* [Your objective]:
All that should be output is the block of lines below from the line with "raízes laterais;" to the line with "Truffle Festival", both included, exactly as written.

[Data provided — start]

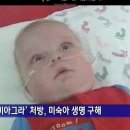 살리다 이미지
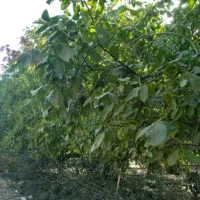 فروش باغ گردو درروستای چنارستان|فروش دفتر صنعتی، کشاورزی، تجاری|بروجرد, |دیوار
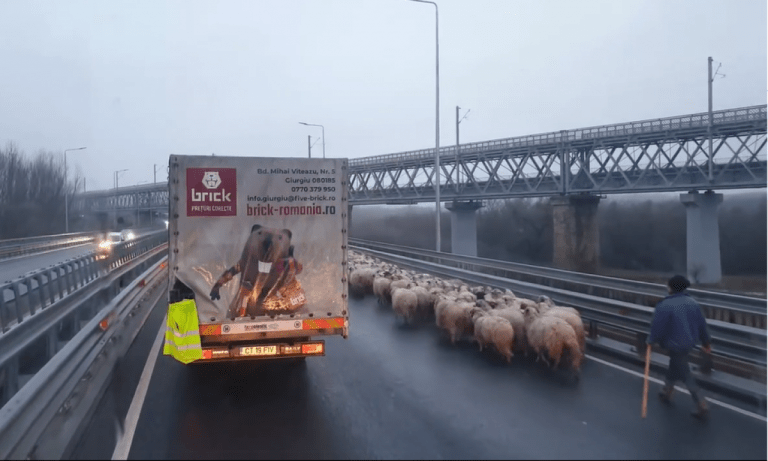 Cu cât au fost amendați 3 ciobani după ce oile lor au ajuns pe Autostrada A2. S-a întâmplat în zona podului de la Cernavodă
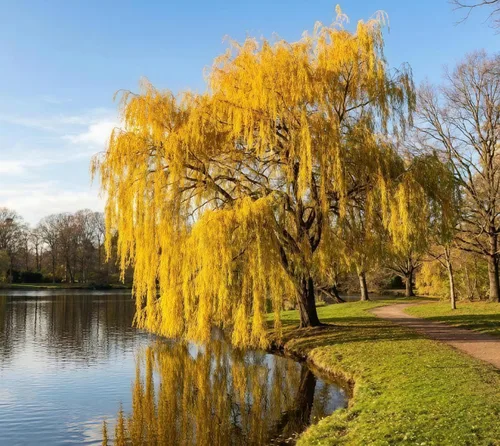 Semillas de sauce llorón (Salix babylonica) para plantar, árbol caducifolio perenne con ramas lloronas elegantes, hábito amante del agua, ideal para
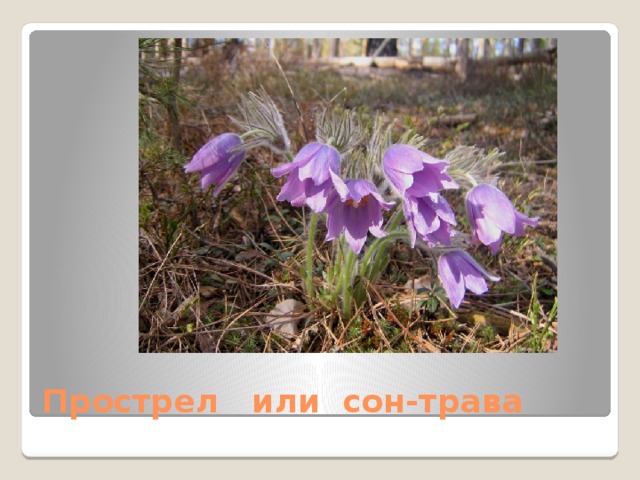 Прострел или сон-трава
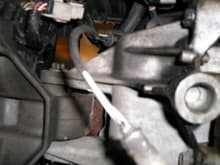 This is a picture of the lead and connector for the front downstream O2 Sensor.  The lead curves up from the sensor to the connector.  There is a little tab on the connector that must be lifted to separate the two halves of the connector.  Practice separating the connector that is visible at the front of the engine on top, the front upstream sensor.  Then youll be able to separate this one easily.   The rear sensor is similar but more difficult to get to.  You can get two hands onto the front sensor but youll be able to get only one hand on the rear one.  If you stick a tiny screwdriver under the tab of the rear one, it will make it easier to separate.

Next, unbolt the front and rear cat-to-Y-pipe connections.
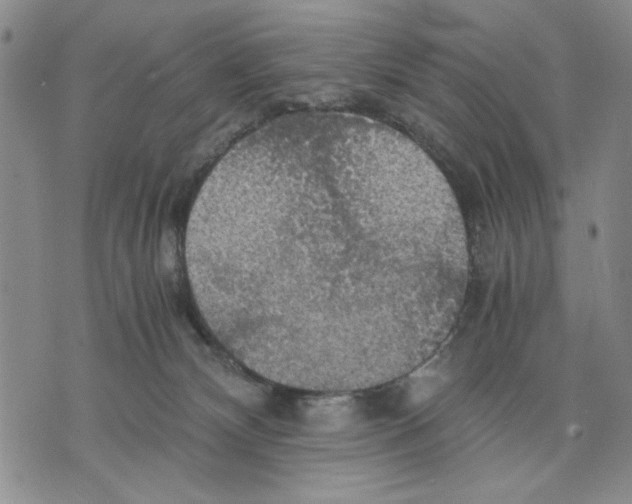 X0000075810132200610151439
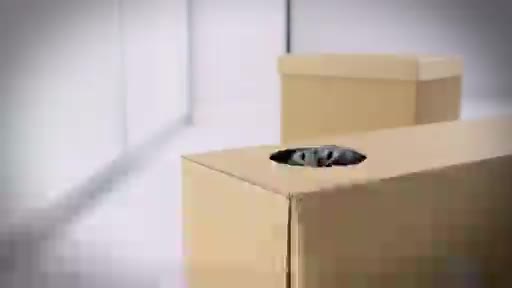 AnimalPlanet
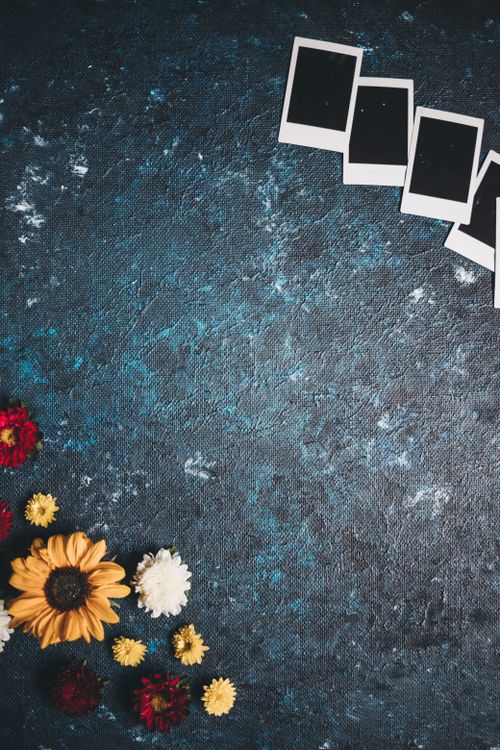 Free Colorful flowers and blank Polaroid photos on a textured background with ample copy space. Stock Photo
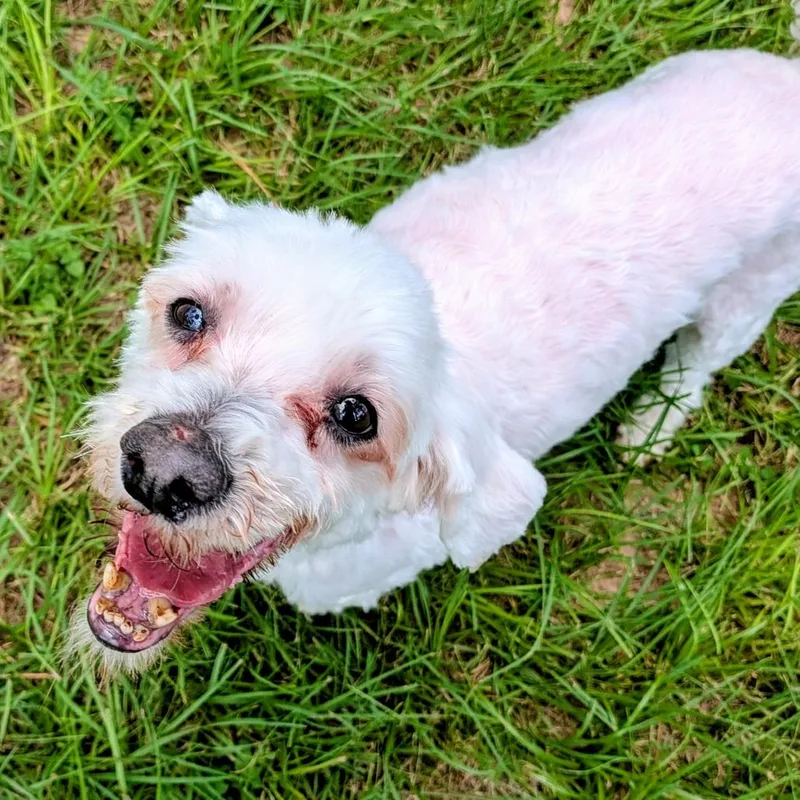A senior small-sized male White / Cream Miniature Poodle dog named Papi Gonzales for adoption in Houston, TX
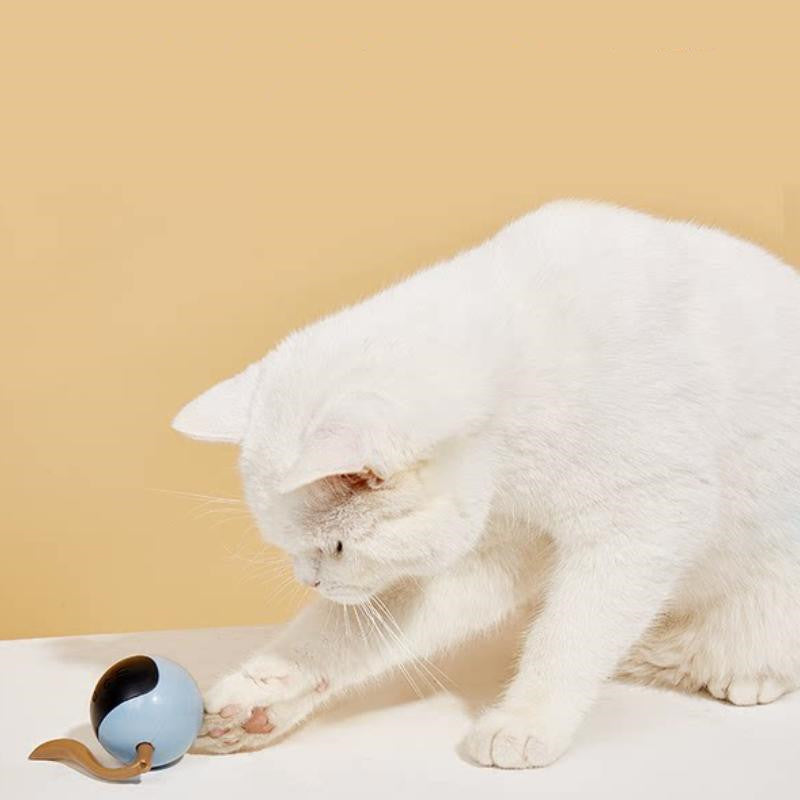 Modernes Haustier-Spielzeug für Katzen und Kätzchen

[Data provided — finish]
[Data provided — start]

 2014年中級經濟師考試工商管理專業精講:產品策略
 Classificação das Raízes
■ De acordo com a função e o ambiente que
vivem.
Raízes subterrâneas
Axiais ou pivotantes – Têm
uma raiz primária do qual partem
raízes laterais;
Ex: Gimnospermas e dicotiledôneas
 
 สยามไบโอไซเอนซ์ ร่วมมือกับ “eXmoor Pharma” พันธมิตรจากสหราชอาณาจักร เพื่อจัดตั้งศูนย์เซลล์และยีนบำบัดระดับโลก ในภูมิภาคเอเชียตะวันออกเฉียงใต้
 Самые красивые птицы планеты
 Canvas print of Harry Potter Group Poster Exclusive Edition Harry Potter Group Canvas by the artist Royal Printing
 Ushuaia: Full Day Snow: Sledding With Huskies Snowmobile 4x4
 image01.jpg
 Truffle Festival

[Data provided — finish]

* [Result]:
raízes laterais;
Ex: Gimnospermas e dicotiledôneas
 
 สยามไบโอไซเอนซ์ ร่วมมือกับ “eXmoor Pharma” พันธมิตรจากสหราชอาณาจักร เพื่อจัดตั้งศูนย์เซลล์และยีนบำบัดระดับโลก ในภูมิภาคเอเชียตะวันออกเฉียงใต้
 Самые красивые птицы планеты
 Canvas print of Harry Potter Group Poster Exclusive Edition Harry Potter Group Canvas by the artist Royal Printing
 Ushuaia: Full Day Snow: Sledding With Huskies Snowmobile 4x4
 image01.jpg
 Truffle Festival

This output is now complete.